Dataset excerpts:
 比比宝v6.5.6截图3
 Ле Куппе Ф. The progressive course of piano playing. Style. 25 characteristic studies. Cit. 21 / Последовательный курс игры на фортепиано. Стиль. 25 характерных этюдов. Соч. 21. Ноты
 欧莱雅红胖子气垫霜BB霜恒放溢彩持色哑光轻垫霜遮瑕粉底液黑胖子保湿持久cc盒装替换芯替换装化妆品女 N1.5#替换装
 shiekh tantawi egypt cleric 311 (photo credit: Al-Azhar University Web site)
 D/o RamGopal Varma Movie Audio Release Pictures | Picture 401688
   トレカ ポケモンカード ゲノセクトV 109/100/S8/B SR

__Exercise description__. Set down no line except those from the one with "shiekh tantawi egypt" to the last line of the data, inclusive, each exactly as written.

__Output below__.
 shiekh tantawi egypt cleric 311 (photo credit: Al-Azhar University Web site)
 D/o RamGopal Varma Movie Audio Release Pictures | Picture 401688
   トレカ ポケモンカード ゲノセクトV 109/100/S8/B SR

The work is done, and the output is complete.